I've tried to search around for a solution but I'm not sure the keywords to use. Any help would be appreciated. Thanks!

dq

----------

## eccerr0r

I've seen something like this happen on my sole AMD machine as well, but no ideas what the root cause was, I ended up assuming it was the USB hardware.  I don't recall any issues with my other machines which tend to have Intel USB controllers.

I think my AMD machine probably uses a VIA EHCI USB2 controller; I don't think the southbridge includes anything except the OHCI USB1 controller.

I hate VIA.   I've not seen any chips yet that I liked from VIA...

----------

## Jaglover

I second that. Hardware problem.

----------

## don quixada

Is there any way around this short of getting a new machine? Right now all my usb ports are hooked-up directly to the motherboard but if I got a PCIe usb card would that potentially fix the problem?

----------

## Randy Andy

Hi don quixada,

its worth to give it a last try, with a seperate controller, but before you could do some more different tests, if not done already.

Did you used these USB devices with a USB Hub, with separate power adapter.

Mainboard / USB-Connectors has only support up to 500ma current per connector, and sometimes the voltage drops down if this happens especially with hard drives, and not with sticks which needs not as much power.

Some power supply's are so weak, that the additional current consumption of USB devices let brake down some things, up to complete crashes of the OS.

(seen by me as of the usage of a scanner). 

Did you do the same with a Live Distro, to exclude configuration trouble (hard to believe).

At least, try with a new controller card.

Much success, Andy.

----------

## don quixada

It doesn't seem to matter which kind of device. It could be a hard drive enclosure with an AC power adapter, or a laptop hardrive enclosure w/o an adapter, a usb stick, a phone... anytime it's a large amount of data it tends to happen but not every time. Sometimes I can get away with it not happening.

All the ports are hooked directly to the motherboard. It is the M3A motherboard and I believe there are three pin-connections for usb and those may be considered to be on a hub. There are some that are hard-wired into the back of the motherboard. Do you think if I used these that this may alleviate the problem? I can't remember if I tried to used those ports to transfer files...

I've never had my machine lock-up from this problem. It just disconnects from the device and cannot re-connect without a reboot. 

I haven't tried the LiveCD so I will try that when I get home. 

Thanks!

dq

----------

## eccerr0r

When my USB ports go dead, sometimes I can rmmod ehci-hcd and uhci-hcd (ohci-hcd is the other chipset USB controller that stays fine, but the USB2 devices are on the VIA USB chip) and reinsert them to "reset" the USB ports.  However I do have a PS/2 keyboard on this machine.

I haven't tried of the OHCI ports have the issue, but since they do not support USB2 I don't connect hard drives to them...

You definitely should try with an external powered USB hub, to see if it helps any...

A lot of my machines can't supply the full 500mA to power an external USB 2.5" bus powered mechanical hard drive.  But I don't think that's the problem in this case...  It's just spontaneous disconnection after a while...

----------

## don quixada

I do not own a powered usb hub so I will have to pick one up.
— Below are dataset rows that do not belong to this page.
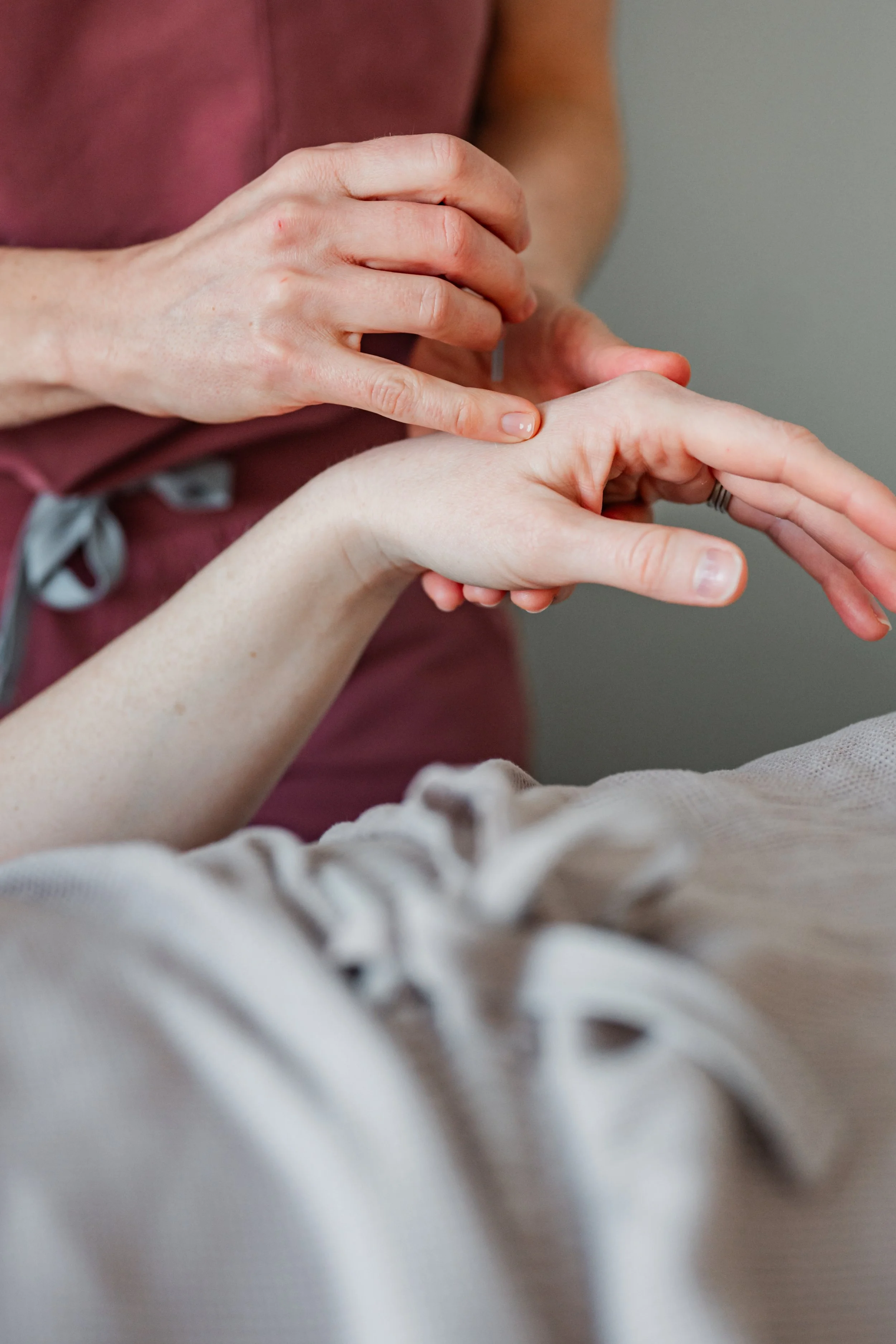 Acupuncturist gently placing needles on a patient's hand during a pregnancy nausea acupuncture treatment in Groton, MA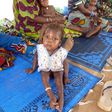 An infant suffering from malnutrition and malaria sits with others as they wait for treatment at an international NGO MSF (Doctors Without Boarders) outpost in Guidan-Roumdji 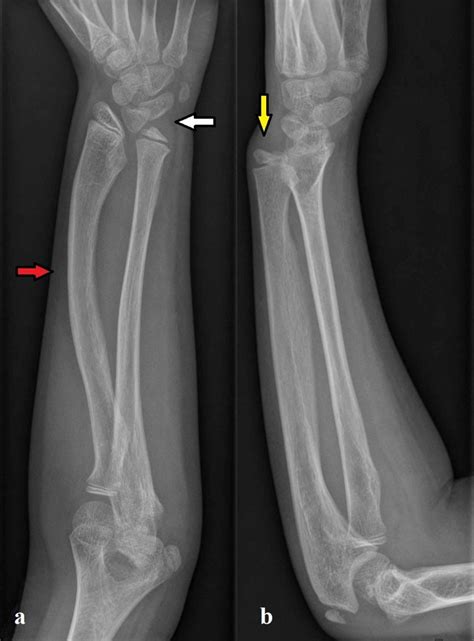 Radiography The Anteroposterior Radiograph A Of The Left Wrist Shows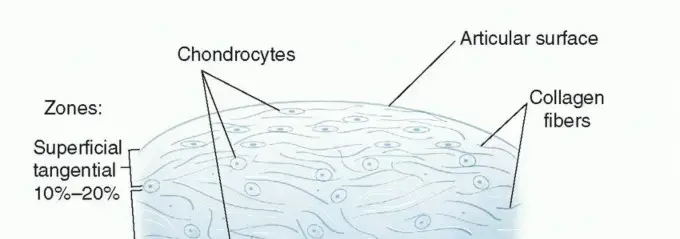 ترقيع الغضروف العظمي الذاتي: استعادة المفاصل والحياة بلا ألم مع الأستاذ الدكتور محمد هطيف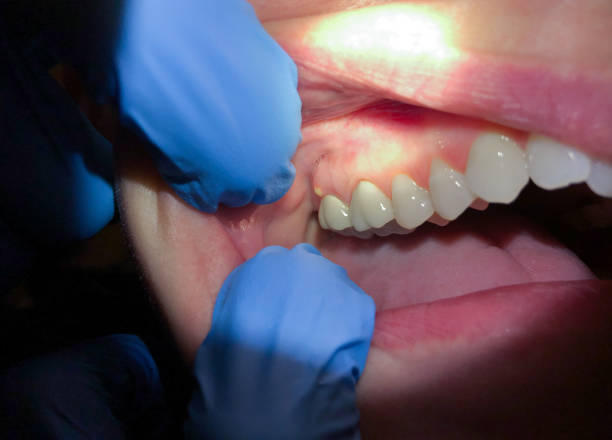Best Broken or Cracked Tooth Emergency Dentist in Terrell Hills, TX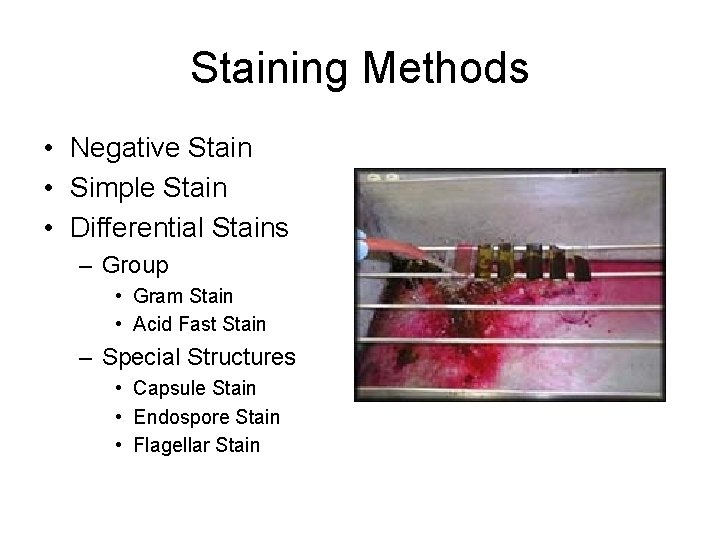 Staining Methods • Negative Stain • Simple Stain • Differential Stains – Group •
Are all the ports on my motherboard EHCI? I assume that they are because I' think they're USB2. Also, since this is an amd machine I thing that I would need any UHCI drivers but if I have them installed do you think that they may be conflicting with the OHCI drivers? I have to check my kernel config to see what I have in there for usb drivers. 

So you are saying that a common reason for spontaneous disconnection is not enough power? I can attest that I may not have enough power as I have tried in the past to connect a USB powered hard drive and it didn't work (the lights on the drive indicated that there wasn't enough power).

dq

----------

## eccerr0r

USB2 is EHCI.

USB1 can be UHCI (Intel/Via standard) or OHCI (most everyone else)....

Not sure if the conflict should exist, both the UHCI and OHCI drivers target different hardware.  However all USB2 ports should be EHCI regardless of the underlying USB1 port (and they need the UHCI/OHCI driver to support USB1 speeds).

----------